Örnek olarak insanların yavaş yavaş sosyal hayatlarına geri döndüklerini “en iyi restoranlar” aramasındaki %60’lık artıştan ve “piknik alanı” aramasının %85 artmasından anlayabiliriz.

Ayrıca insanlarda sağlıklı beslenme noktasındaki bilincin arttığını “vitamini nelerde var” aramasının %165 artmasından anlayabilir ve buna uygun sektörlerde hizmet verenler için buna uygun olarak yeni yıl planlarını yapabiliriz.

Sonuç olarak müşterilerin aradıklarını onların ilgilerini, ihtiyaçlarını ve taleplerini anlatırken bunların dışında alışkanlıkları hakkında bize birçok bilgi verir.

Pazarlama departmanlarının en sık kullandığı ilişkilendirme modeli son tıklama ilişkilendirme modelidir. Ancak bu ilişkilendirme modeli en çok kullanılan modellerin biri olsada müşterilerin alışveriş davranışlarını inceleme tarafında birçok noktada eksik kalabildiğini söyleyebiliriz.

Ayrıca sürekli olarak değişiklik gösteren ve kendini güncelleyen müşteri satın alma davranışlarını bu model üzerinden takip etmek tam anlamıyla mümkün değildir.

Bu noktada “veriye dayalı ilişkilendirme” müşterinin satın alma yolcuğunu analiz edebileceğimiz bir noktada yer alıyor. Bu model sayesinde müşterilerin satın alma yolculuğundaki farklı temas noktalarını analiz edebilir ve geliştirilebilir.

Son olarak, veriye dayalı ilişkilendirme modelini sadece kullanmanın yeterli olmadığını ve buradan alınan sonuçlar ışığında gerekli optimizasyon ve çalışmaları yaparak dijital kanalları ve kampanyaları güncel tutulması gerektiğini unutmayın.

Life Time Value (LTV) ya da Müşteri Yaşam Boyu Değeri bir müşterinin tüm ilişkileri boyunca bir işletmeye verdiği toplam değerdir. Mevcut müşterileri elde tutmak yenilerini kazanmaktan daha uygundur. Bu sebeple müşteri yaşam boyu değerini doğru anlamak çok önemli.

İşletmeler ve pazarlama uzmanları müşteri davranışlarını incelerken genellikle mevcut ana odaklanırlar. Bunun sonucunda stratejilerde müşteriler sadece kısa vadede değerlendirilirler.

Bu noktada, pazarlama stratejilerini müşteri yaşam boyu değerine göre belirlemek uzun vadede büyük başarılar elde etmek ve kâr oranlarını artırmak için yapılması gerekenlerin başında gelir.

Ancak pazarlama stratejilerini buna göre düzenlerken kısa ve orta vadede büyümeyi destekleyecek hedefler es geçilmemelidir. Bu sebeple bütçenin hedefler doğrultusunda doğru olarak paylaştırılması büyük önem taşımaktadır.

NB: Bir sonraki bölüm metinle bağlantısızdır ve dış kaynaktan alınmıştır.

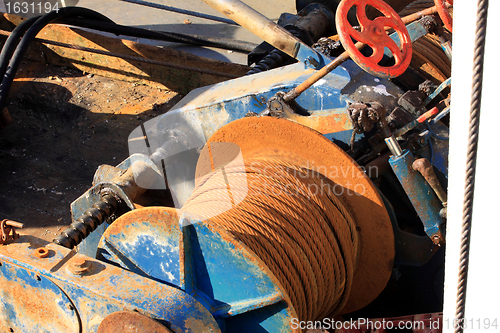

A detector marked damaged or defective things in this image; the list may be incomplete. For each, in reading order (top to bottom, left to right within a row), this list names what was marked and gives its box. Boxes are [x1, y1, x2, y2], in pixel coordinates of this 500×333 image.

rusty bolt [68, 256, 91, 274]
rusty plate [97, 310, 172, 332]
rusty plate [195, 116, 394, 314]
corroded metal surface [197, 117, 396, 314] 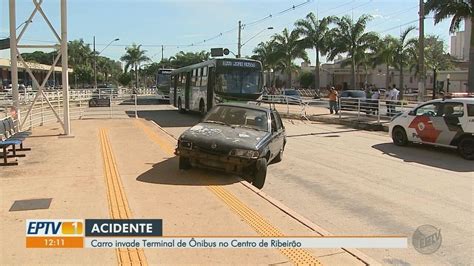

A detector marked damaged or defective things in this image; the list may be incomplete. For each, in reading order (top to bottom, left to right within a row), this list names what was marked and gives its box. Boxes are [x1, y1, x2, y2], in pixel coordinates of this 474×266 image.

car's dented hood [180, 123, 270, 152] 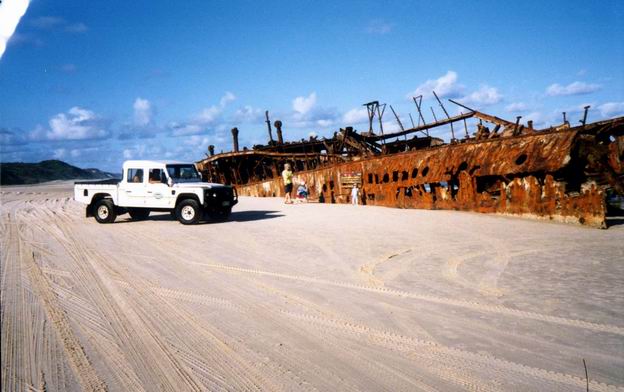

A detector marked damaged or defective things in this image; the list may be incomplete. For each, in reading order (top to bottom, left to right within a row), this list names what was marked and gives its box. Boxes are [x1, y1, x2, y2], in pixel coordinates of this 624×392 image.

rusted ship wreck [196, 96, 624, 228] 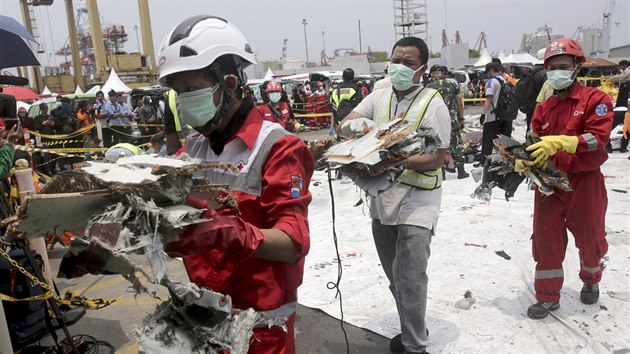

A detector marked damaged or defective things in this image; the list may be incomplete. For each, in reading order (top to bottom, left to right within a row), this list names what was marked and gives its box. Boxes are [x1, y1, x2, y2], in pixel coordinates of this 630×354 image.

burned wreckage fragment [320, 119, 440, 196]
burned wreckage fragment [474, 135, 572, 202]
burned wreckage fragment [1, 156, 288, 354] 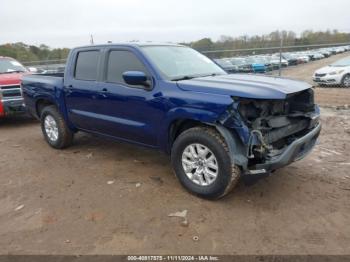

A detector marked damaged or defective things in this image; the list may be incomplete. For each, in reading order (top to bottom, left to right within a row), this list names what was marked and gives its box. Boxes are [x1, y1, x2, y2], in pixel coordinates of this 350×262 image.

damaged front bumper [246, 123, 320, 174] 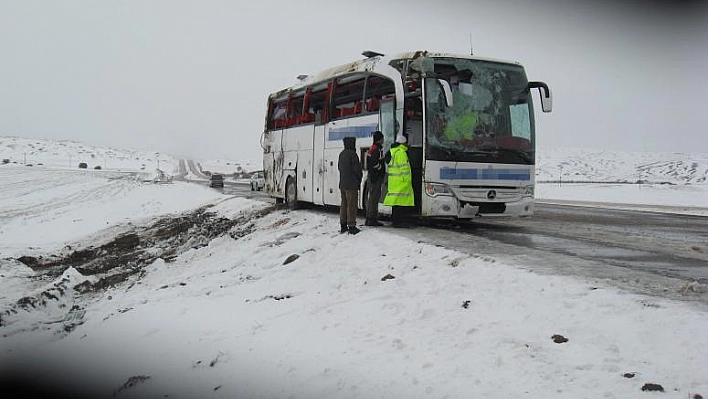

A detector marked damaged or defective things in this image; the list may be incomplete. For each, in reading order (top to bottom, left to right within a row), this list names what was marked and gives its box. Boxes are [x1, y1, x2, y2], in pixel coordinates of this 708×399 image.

cracked windshield [424, 59, 532, 164] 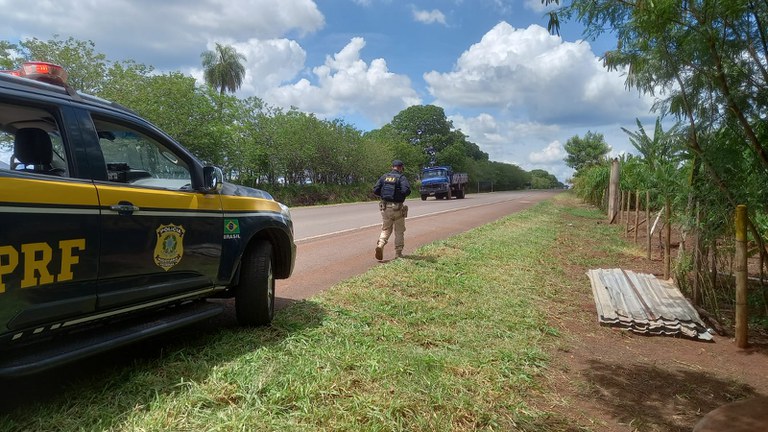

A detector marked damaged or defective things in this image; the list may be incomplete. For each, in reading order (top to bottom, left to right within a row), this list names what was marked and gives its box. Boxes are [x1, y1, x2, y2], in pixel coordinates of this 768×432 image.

rusty metal roofing sheet [588, 266, 712, 340] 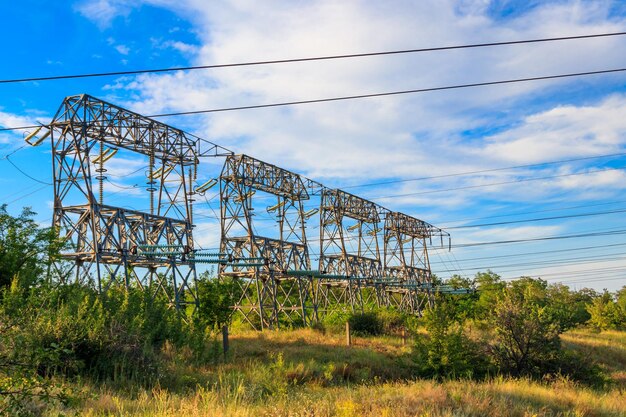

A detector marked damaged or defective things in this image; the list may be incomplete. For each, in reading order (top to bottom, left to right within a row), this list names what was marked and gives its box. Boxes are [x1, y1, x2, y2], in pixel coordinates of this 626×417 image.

rusty metal framework [48, 94, 208, 308] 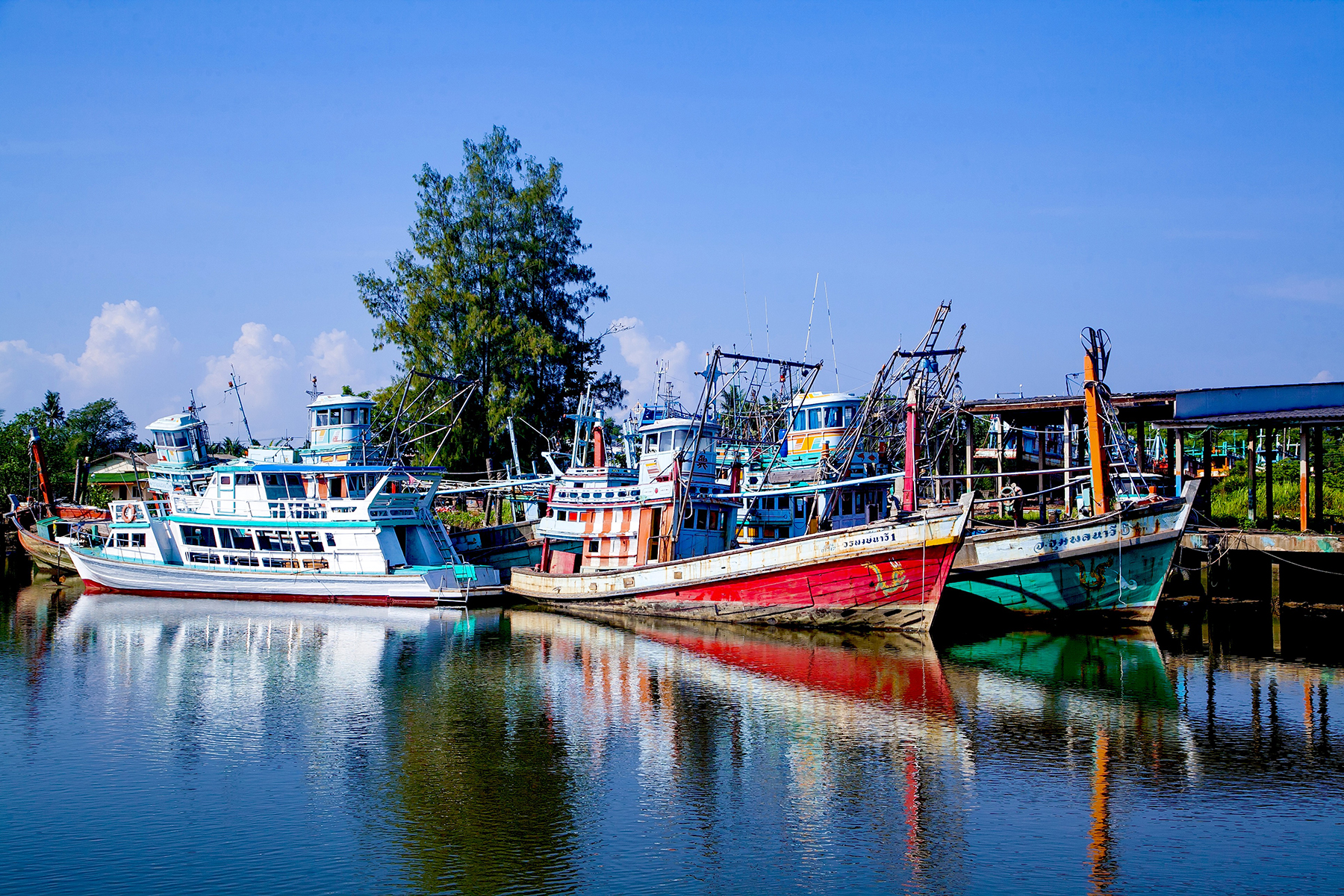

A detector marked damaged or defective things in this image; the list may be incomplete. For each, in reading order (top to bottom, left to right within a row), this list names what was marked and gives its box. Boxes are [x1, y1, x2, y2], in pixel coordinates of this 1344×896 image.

rusted hull [14, 529, 70, 572]
rusted hull [508, 502, 973, 634] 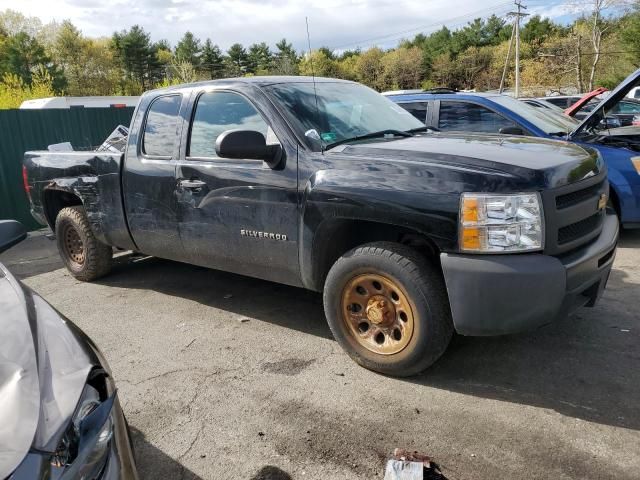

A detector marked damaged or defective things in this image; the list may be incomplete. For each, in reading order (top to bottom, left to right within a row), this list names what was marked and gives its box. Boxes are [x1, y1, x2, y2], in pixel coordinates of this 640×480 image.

damaged gray car [0, 221, 139, 480] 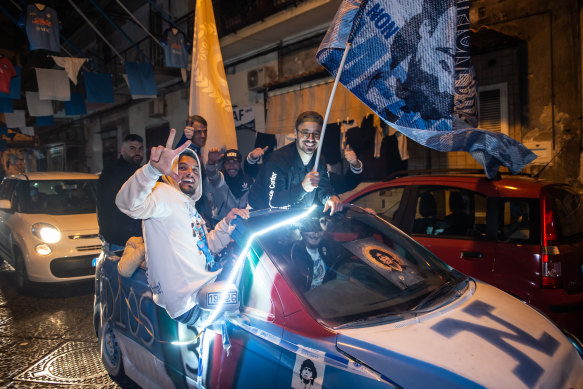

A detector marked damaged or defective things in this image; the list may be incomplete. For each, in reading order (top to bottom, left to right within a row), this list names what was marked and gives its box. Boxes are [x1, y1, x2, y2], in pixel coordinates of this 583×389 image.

peeling plaster wall [472, 0, 580, 182] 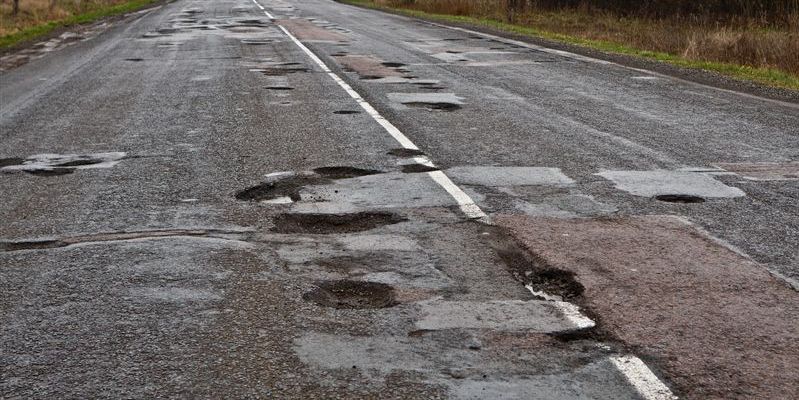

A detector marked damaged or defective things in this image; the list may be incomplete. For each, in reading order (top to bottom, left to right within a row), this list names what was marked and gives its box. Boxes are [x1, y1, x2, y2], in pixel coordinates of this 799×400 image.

asphalt patch [234, 175, 328, 202]
pothole [236, 174, 330, 202]
asphalt patch [272, 212, 406, 234]
shallow pothole [272, 212, 406, 234]
large pothole [272, 212, 406, 234]
pothole [274, 212, 406, 234]
large pothole [302, 280, 398, 310]
pothole [304, 282, 396, 310]
asphalt patch [304, 282, 396, 310]
shallow pothole [304, 282, 396, 310]
road repair patch [496, 214, 799, 398] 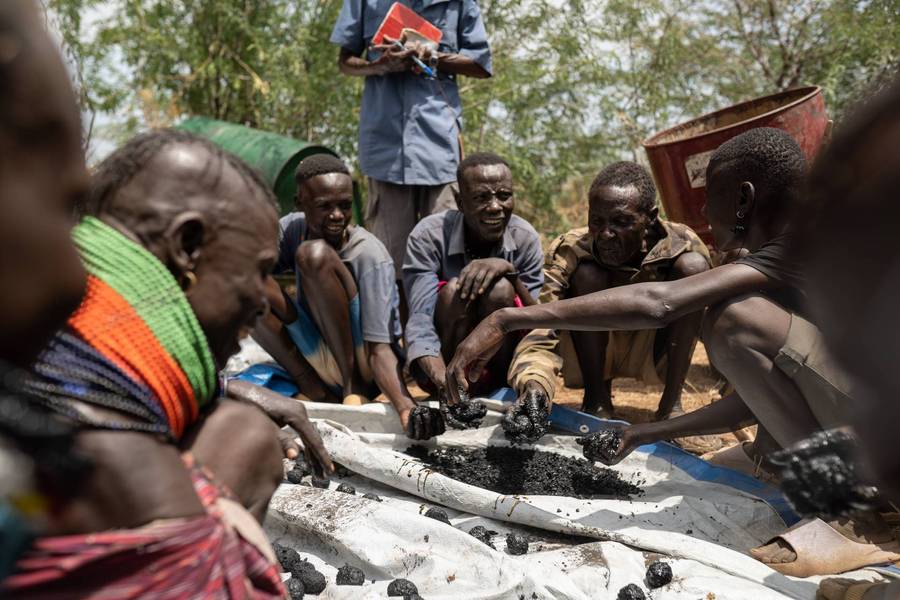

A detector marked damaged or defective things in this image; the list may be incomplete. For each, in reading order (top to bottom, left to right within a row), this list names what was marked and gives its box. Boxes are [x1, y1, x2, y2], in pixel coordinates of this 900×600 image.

rusty red metal drum [644, 85, 828, 247] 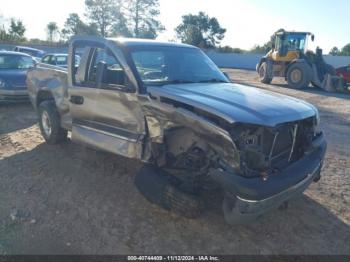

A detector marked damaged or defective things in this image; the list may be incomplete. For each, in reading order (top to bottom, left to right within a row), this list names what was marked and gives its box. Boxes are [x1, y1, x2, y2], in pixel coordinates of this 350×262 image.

crumpled hood [0, 69, 27, 90]
damaged pickup truck [26, 36, 326, 225]
crumpled hood [148, 82, 318, 126]
crushed front end [208, 115, 326, 224] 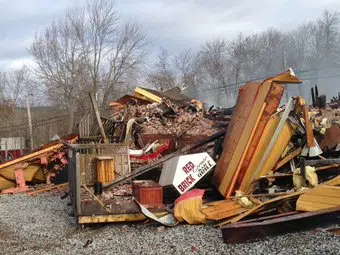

Google tarafından paylaşılan veriler önümüzdeki 5 yıl içinde satışlardaki %86’lık artışı çok kanallı oyuncular ve ticaret sitelerinin oluşturacağını öngörüyor.

Bu noktada uzun vadeli stratejileri şekillendirebilecek trendleri incelemekte büyük fayda var.

Öncelikle pandemi tüketicileri alışveriş konusunda çok daha esnek hale getirdi. Yapılan araştırmalara göre tüketicilerin %73’ü alışveriş yapılan kanalın önemsiz olduğunu belirtiyor.

Başka önemli bir nokta ise satın alma kararı verme süreci karıştıkça tüketicilerin işletme ve markalardan daha fayda içerikli bilgiler sunulmasını talep etmesi. Bu noktada müşteriler için faydalı kişiselleştirme yapmak önemlidir.